Ulla or 'Ulla was a Jewish Talmudist and one of the leading Halakhic amoraim in the Land of Israel during the late 3rd and early 4th centuries CE (the second and third amoraic generations).

Biography
In his youth he studied under R. Eleazar II, and he transmitted nine of his teacher's halakhic sayings. He was greatly respected for his learning; and during his visits to Babylonia he seems to have been invited frequently by the Resh Galuta to deliver halakhic lectures. He traveled repeatedly to the Talmudic Academies in Babylonia; and on one of his journeys he was in danger of assassination by one of his companions, saving his life only by condoning the murder of another. Ulla rendered important decisions regarding the benedictions and the calculation of the new moon, and was accustomed to promulgate his rulings in Babylonia when he went there.
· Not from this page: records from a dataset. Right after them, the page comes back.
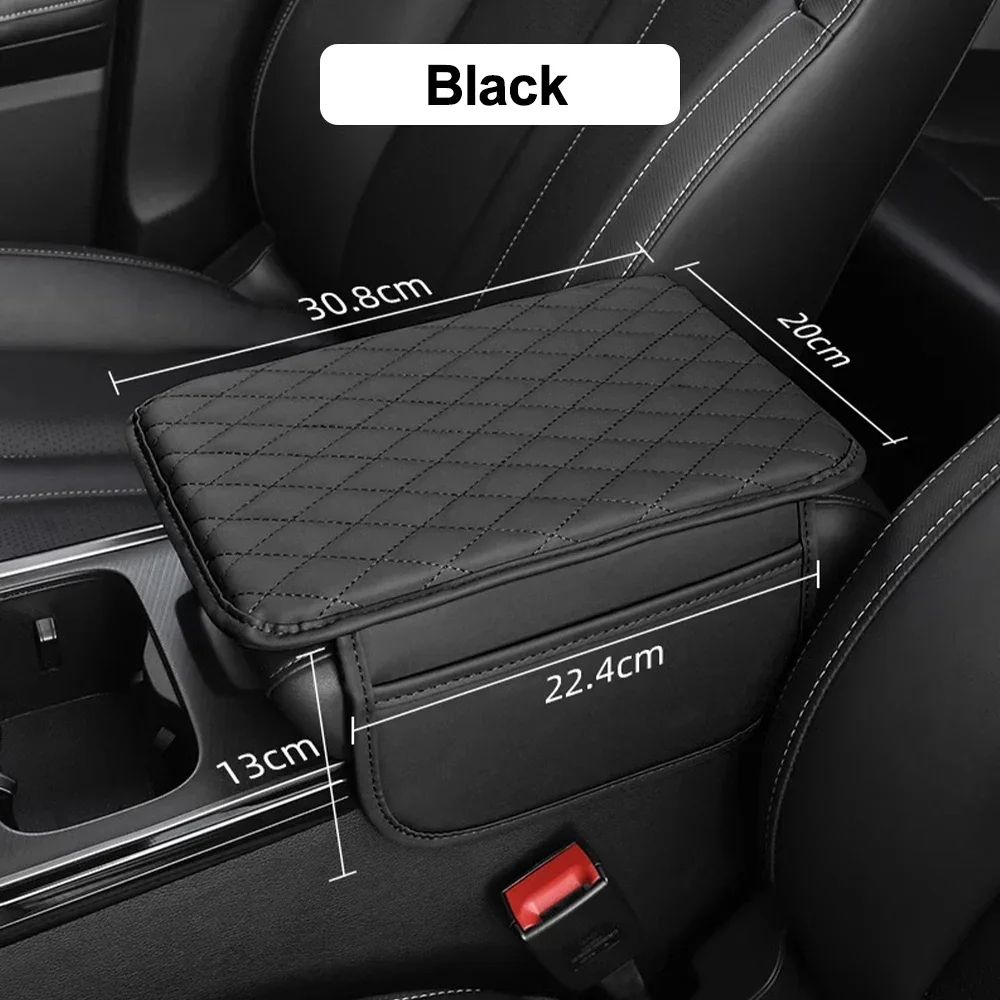 Universal Car Armrest Extender Cushion with Center Console Organizer Side Storage Pocket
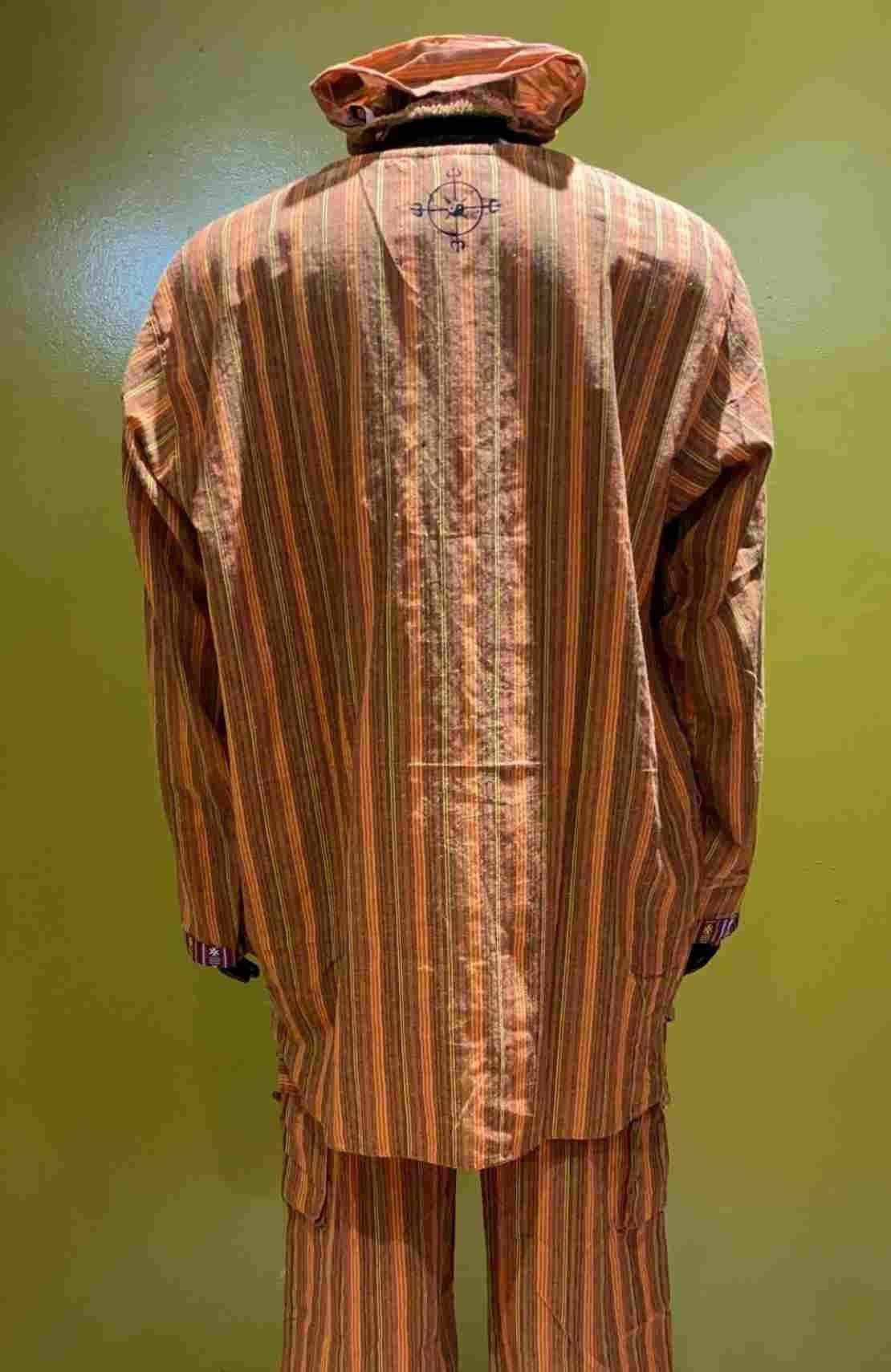 Other Cotton Long-Sleeve Round Neck Tunic: Stripes: Orange: S Size US S / EU 44-46 / 1 - 6 Thumbnail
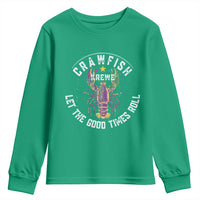 Crawfish Krewe Let The Good Times Roll Youth Sweatshirt Funny Mardi Gras - Wonder Print Shop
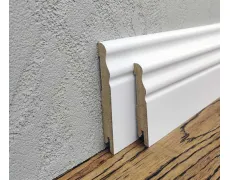 Плінтус МДФ Хвиля білий MDF-V80 | MDF-V100 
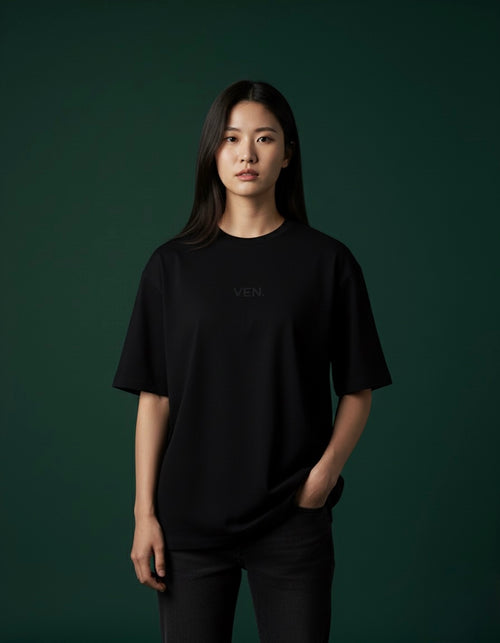 VEN. Jet Black T-shirt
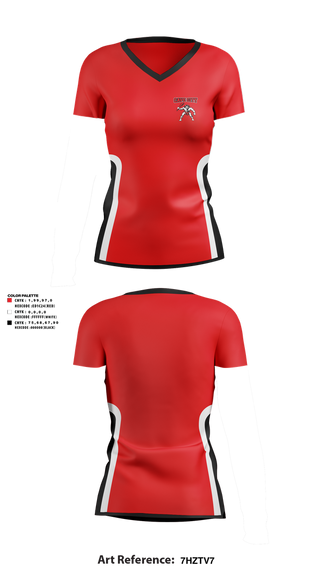 Womens Short Sleeve Vneck Shirt, Cave City, Women's Basketball, Teamtime, Team time, sublimation, custom sports apparel, team uniforms, spirit wear, spiritwear, sports uniforms, custom shirts, team store, custom team store, fundraiser sports, apparel fundraiser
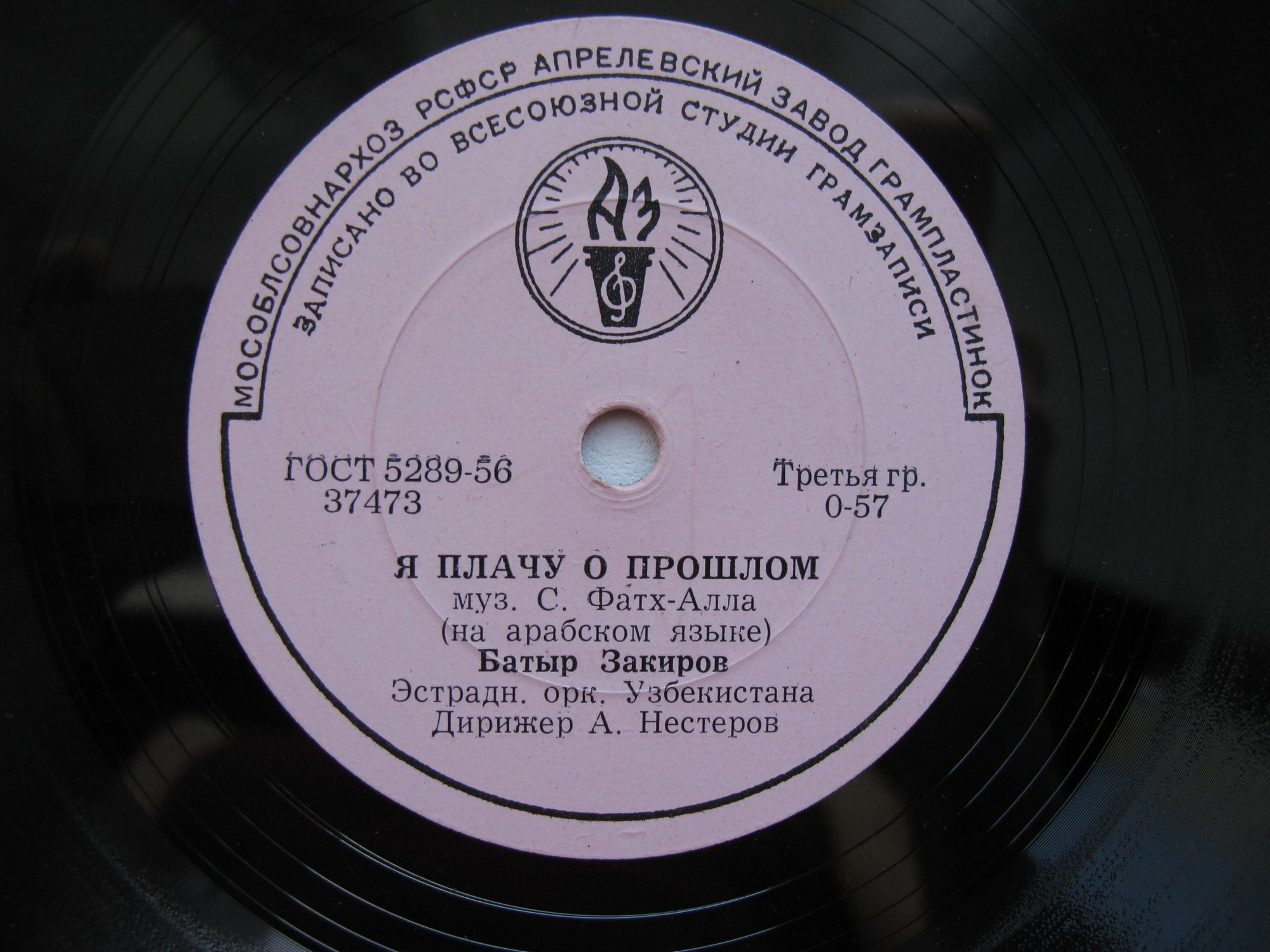 Б. Закиров - Я плачу о прошлом // Эстрадный оркестр - Бахор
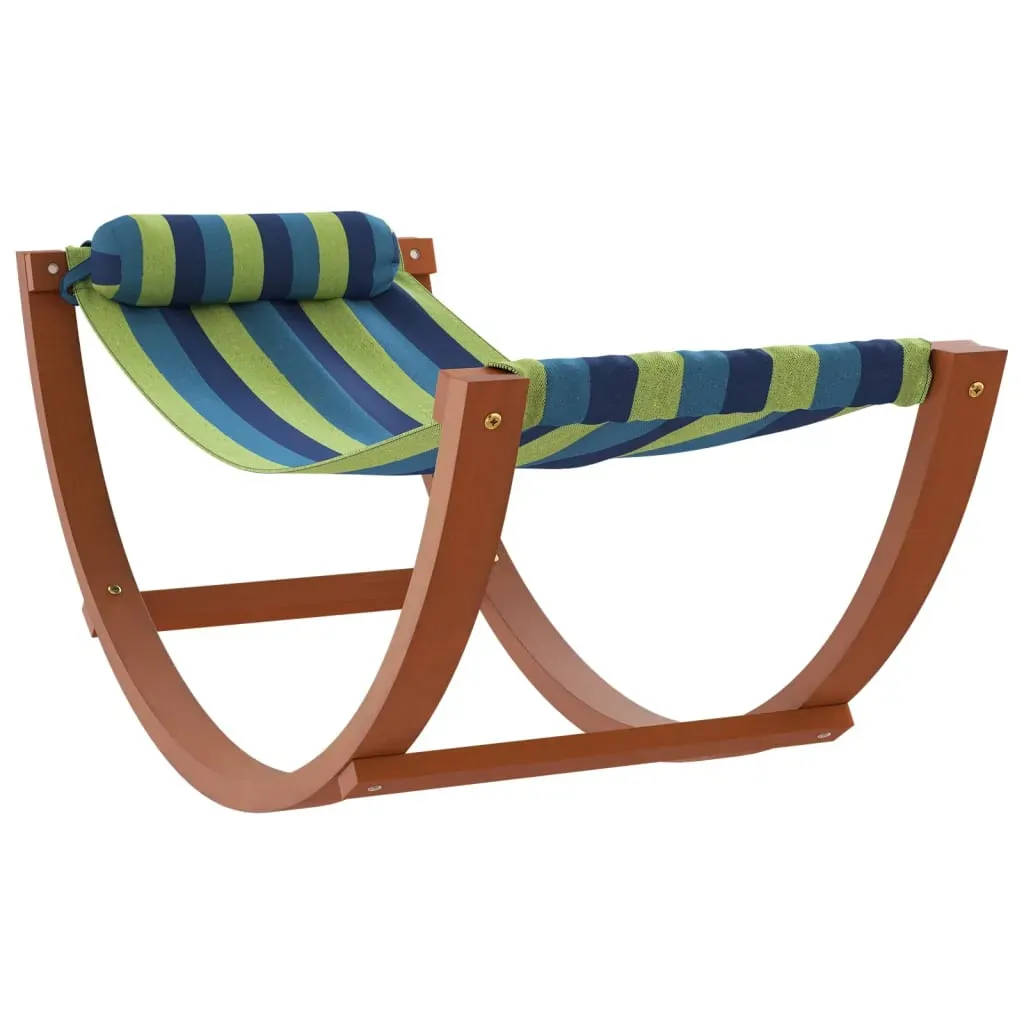 Rocking Hammock for Kids Blue and Green Fabric Price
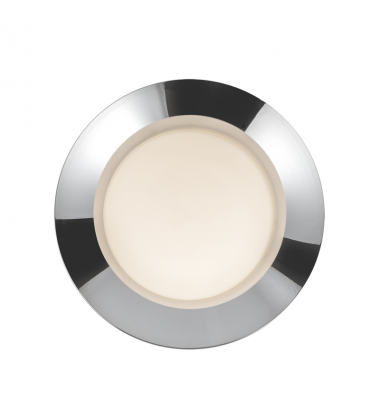 WS77909-CH/OP-Cleo 9-in Chrome/Opal Glass LED Wall Sconce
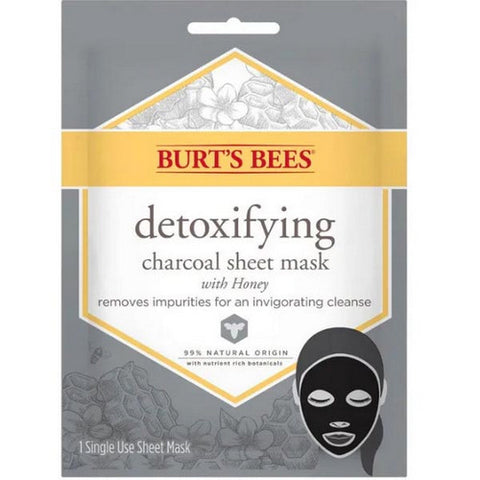 Burts Bees, Detoxifying Charcoal Sheet Mask, 0.33 Oz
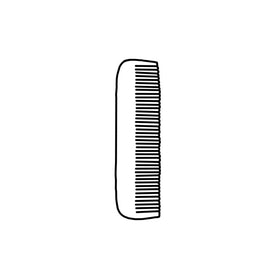Taschenkämme Horn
He was very strict in his interpretation of religious laws. On one occasion, when he heard R. Huna use an expression which he did not approve, he retorted, "As vinegar to the teeth, and as smoke to eyes, so are the words of R. Huna." Only in the presence of Rav Nachman did Ulla hesitate to pronounce his opinions, generally waiting until Nachman had departed, although he frequently sought Nachman's company.

Of his contemporaries with whom he engaged in controversies may be mentioned, besides R. Nachman, R. Abba, Abimi bar Papa, Hiyya bar Ammi, and R. Judah. But his personal friend, with whom he associated most frequently, was Rabbah bar bar Hana.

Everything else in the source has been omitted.